### Task objective
Find the lines below that include the word "Silicone" and report how many there are, with no other text.

### Records to use

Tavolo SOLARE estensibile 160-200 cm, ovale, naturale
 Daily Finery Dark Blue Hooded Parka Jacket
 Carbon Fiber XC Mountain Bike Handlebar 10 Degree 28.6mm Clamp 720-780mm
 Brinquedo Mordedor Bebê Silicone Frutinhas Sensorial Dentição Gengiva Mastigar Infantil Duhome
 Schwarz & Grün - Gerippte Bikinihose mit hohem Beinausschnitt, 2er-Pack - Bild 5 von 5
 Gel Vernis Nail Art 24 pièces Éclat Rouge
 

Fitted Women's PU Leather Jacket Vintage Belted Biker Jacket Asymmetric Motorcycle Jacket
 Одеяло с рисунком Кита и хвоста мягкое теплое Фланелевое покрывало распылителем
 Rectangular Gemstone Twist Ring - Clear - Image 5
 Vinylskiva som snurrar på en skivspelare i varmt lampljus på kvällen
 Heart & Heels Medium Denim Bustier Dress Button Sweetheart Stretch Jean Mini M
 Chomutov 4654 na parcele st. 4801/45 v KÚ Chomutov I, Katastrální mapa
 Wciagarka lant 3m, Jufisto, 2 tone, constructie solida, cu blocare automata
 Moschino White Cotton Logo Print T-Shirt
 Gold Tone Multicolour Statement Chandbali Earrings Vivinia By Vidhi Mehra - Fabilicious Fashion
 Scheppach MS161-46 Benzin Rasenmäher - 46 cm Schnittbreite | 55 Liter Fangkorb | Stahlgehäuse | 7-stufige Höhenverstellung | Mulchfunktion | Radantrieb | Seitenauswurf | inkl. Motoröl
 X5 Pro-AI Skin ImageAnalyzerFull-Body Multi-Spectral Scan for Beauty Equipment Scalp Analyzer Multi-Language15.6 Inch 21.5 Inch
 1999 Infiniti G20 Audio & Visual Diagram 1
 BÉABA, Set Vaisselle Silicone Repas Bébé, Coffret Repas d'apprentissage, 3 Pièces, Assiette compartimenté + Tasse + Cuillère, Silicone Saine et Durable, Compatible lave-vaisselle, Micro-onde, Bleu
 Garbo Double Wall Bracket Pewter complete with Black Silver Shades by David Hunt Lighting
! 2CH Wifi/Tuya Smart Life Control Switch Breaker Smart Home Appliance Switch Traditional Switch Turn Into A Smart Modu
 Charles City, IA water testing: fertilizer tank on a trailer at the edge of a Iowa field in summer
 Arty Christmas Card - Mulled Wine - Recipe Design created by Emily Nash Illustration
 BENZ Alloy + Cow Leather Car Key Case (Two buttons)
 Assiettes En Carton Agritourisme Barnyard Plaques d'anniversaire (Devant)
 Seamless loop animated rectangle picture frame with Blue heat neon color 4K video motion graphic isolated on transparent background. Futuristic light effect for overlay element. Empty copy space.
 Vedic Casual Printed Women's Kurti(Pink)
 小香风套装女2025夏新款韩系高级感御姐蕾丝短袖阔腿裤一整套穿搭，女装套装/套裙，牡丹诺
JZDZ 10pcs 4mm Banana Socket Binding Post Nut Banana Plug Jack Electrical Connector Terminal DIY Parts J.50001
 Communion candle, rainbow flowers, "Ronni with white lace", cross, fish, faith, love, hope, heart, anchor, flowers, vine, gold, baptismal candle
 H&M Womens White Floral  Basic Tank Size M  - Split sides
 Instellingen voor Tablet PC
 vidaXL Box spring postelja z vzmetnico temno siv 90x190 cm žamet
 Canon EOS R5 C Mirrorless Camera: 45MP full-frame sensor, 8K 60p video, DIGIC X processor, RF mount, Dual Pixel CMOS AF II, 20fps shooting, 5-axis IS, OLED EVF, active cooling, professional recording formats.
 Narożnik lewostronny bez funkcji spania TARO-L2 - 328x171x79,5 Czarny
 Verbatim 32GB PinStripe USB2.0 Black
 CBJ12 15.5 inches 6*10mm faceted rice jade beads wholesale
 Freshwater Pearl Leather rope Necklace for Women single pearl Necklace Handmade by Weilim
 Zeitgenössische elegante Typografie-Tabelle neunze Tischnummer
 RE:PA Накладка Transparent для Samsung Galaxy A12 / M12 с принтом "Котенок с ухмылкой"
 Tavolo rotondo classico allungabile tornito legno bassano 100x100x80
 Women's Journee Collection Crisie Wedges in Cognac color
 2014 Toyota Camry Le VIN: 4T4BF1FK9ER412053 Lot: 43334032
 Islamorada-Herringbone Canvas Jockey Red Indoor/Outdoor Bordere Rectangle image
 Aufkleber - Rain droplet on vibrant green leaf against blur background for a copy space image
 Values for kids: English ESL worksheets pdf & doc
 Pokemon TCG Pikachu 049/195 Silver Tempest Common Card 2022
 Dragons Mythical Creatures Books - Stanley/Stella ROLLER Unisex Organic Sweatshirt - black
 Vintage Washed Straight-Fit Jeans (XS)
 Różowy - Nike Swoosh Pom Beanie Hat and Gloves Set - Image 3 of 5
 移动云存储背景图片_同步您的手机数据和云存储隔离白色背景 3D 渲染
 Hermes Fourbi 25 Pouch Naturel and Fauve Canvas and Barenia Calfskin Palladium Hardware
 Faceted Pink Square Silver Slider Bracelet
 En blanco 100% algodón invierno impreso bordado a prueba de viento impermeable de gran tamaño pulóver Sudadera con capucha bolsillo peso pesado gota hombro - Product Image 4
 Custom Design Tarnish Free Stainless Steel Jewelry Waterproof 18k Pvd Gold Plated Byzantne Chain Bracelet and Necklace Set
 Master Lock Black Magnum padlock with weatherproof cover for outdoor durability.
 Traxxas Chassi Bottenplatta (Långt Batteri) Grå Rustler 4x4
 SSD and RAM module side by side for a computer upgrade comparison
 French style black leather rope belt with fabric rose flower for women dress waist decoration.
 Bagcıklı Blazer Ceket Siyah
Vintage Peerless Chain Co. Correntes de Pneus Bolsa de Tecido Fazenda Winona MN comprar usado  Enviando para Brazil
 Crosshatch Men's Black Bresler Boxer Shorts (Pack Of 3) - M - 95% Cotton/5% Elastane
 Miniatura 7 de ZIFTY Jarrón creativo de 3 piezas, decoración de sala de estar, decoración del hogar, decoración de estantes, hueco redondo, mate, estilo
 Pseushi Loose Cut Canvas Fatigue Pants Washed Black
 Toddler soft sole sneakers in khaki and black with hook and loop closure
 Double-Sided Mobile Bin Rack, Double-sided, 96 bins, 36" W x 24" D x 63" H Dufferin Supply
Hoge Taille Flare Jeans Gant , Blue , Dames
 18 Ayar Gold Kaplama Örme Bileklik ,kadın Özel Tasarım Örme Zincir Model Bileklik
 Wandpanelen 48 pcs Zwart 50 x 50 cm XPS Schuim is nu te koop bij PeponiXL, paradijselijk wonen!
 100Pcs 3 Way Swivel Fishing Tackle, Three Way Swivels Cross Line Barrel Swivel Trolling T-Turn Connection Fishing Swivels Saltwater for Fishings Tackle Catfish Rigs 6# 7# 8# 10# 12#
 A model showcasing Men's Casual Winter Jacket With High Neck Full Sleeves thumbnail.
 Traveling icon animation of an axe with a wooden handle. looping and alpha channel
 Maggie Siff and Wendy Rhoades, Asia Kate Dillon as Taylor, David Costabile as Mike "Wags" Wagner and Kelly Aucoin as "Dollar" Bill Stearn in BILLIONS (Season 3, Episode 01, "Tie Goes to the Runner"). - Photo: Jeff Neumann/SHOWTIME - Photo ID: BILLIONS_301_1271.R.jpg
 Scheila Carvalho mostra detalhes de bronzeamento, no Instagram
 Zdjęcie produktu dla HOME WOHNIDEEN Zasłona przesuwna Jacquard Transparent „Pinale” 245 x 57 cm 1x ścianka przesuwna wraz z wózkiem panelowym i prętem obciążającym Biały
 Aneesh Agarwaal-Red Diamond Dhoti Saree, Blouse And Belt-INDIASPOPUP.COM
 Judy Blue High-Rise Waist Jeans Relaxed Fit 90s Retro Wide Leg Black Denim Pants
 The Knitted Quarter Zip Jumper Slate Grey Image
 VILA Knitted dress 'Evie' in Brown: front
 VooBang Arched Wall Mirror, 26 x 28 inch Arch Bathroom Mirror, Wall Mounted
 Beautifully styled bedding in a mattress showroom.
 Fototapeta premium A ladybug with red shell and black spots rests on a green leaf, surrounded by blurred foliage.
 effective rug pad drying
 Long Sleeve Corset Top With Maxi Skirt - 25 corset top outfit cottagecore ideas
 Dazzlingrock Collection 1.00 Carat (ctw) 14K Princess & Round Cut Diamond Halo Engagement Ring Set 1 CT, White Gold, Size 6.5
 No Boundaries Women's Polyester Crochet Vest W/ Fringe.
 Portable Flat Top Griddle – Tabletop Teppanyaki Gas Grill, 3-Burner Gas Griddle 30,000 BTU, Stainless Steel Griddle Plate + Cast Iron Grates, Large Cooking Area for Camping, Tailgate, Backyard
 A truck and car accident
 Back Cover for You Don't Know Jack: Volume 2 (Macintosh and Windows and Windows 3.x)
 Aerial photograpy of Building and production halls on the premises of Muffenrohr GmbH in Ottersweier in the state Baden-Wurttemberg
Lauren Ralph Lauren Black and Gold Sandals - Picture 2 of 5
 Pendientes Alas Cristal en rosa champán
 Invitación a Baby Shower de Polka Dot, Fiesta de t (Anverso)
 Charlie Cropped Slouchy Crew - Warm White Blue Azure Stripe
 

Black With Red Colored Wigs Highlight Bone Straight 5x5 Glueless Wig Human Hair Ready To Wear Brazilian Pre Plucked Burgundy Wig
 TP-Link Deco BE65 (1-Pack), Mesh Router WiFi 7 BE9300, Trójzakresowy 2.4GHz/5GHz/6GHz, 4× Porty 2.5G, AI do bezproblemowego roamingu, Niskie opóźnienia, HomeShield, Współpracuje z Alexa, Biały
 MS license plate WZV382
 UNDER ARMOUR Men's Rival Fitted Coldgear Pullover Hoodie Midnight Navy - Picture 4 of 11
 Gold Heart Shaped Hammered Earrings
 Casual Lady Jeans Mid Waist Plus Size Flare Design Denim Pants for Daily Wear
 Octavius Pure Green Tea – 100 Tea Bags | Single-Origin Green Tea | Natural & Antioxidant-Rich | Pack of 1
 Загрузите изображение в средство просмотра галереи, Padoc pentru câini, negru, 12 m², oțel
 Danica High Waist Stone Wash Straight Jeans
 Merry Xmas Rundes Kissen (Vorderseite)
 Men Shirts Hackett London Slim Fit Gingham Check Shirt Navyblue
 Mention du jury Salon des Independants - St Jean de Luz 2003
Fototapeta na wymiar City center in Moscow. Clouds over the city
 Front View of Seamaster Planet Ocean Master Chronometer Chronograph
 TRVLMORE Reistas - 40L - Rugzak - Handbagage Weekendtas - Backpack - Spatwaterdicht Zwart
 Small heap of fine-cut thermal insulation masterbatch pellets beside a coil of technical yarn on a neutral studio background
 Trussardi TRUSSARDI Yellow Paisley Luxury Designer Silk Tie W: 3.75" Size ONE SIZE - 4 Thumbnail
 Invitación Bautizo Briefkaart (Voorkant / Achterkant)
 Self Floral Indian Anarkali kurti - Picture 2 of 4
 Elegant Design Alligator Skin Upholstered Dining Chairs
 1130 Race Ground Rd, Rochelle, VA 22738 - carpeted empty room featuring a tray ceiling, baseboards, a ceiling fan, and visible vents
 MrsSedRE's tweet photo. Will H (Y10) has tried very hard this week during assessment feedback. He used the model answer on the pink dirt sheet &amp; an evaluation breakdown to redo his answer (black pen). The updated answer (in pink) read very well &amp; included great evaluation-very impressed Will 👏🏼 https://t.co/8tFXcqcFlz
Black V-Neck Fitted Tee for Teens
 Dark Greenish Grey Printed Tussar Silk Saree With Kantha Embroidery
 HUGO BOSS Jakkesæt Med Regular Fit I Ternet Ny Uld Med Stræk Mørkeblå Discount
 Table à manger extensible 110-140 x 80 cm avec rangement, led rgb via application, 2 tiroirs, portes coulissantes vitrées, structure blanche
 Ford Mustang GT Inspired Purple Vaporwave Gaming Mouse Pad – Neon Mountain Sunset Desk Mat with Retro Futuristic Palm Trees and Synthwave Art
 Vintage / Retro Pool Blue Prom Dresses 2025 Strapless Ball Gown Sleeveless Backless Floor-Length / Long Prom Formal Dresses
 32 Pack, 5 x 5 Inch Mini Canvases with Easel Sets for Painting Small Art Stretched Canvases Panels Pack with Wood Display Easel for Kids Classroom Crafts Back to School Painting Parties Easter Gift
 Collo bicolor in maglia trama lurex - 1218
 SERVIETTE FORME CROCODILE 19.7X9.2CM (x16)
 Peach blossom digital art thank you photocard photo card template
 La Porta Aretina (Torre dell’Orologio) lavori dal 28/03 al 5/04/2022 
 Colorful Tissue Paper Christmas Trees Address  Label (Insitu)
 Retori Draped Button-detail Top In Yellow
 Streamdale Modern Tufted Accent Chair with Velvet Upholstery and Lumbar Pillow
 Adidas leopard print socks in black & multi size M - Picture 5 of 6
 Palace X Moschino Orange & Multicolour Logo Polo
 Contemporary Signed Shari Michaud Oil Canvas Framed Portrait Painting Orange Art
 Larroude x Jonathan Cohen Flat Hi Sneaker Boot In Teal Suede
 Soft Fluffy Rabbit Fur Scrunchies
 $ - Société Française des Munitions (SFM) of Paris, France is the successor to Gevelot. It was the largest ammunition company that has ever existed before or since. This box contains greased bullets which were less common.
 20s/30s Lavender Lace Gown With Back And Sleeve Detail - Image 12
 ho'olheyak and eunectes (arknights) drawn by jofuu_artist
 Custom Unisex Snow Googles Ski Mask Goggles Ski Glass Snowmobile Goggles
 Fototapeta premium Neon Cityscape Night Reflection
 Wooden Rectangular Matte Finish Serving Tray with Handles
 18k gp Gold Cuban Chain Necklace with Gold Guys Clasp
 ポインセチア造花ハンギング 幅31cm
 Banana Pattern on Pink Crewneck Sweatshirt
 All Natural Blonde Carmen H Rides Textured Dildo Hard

### Exercise answer
2